Learn how to configure the HBase-Spark connector when both the HBase and Spark are on
the same cluster.
- If you are using the HBase-Spark3 connector, ensure that the software
version is 7.1.7 SP1 Spark3 parcel or above.
- Ensure that every Spark node has the HBase Master, Region Server, or Gateway
role assigned to it. If no HBase role is assigned to a Spark node, add the
HBase Gateway role to it, which ensures that the HBase configuration files
are available on the Spark node.
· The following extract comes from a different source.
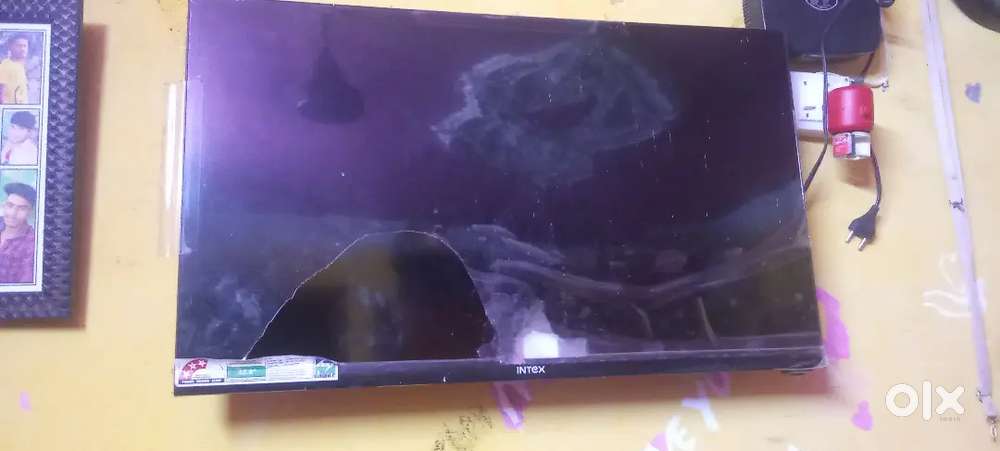 Intex led 32 inch 3mothuse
For more information, see Managing Roles.
-
Go to the Spark or Spark3 service.
-
Click the Configuration tab.
-
Ensure that the HBase service is selected in Spark
Service as a dependency.
-
Select .
-
Select .
-
Locate the
Spark Client Advanced Configuration Snippet (Safety Valve)
for spark-conf/spark-defaults.conf
property or search for it by
typing its name in the Search box.
-
Add the following properties to ensure that all required Phoenix and HBase
platform dependencies are available on the classpath for the Spark executors and
drivers:
- Spark2:
spark.executor.extraClassPath=/opt/cloudera/parcels/CDH/lib/hbase_connectors/lib/hbase-spark.jar:/opt/cloudera/parcels/CDH/lib/hbase_connectors/lib/hbase-spark-protocol-shaded.jar:/opt/cloudera/parcels/CDH/lib/hbase_connectors/lib/scala-library.jar
spark.driver.extraClassPath=/opt/cloudera/parcels/CDH/lib/hbase_connectors/lib/hbase-spark.jar:/opt/cloudera/parcels/CDH/lib/hbase_connectors/lib/hbase-spark-protocol-shaded.jar:/opt/cloudera/parcels/CDH/lib/hbase_connectors/lib/scala-library.jar
- Spark3:
spark.executor.extraClassPath=/opt/cloudera/parcels/SPARK3/lib/spark3/hbase_connectors/lib/hbase-spark3-***VERSION NUMBER***.jar:/opt/cloudera/parcels/SPARK3/lib/spark3/hbase_connectors/lib/hbase-spark3-protocol-shaded-***VERSION NUMBER***.jar
spark.driver.extraClassPath=/opt/cloudera/parcels/SPARK3/lib/spark3/hbase_connectors/lib/hbase-spark3-***VERSION NUMBER***.jar:/opt/cloudera/parcels/SPARK3/lib/spark3/hbase_connectors/lib/hbase-spark3-protocol-shaded-***VERSION NUMBER***.jar
-
Enter a Reason for change, and then click Save Changes
to commit the changes.
-
Restart the role and service when Cloudera Manager prompts you to
restart.
Perform the following steps while using HBase
RegionServer:
Edit the HBase RegionServer configuration for running Spark Filter. Spark
Filter is used when Spark SQL Where clauses are in use.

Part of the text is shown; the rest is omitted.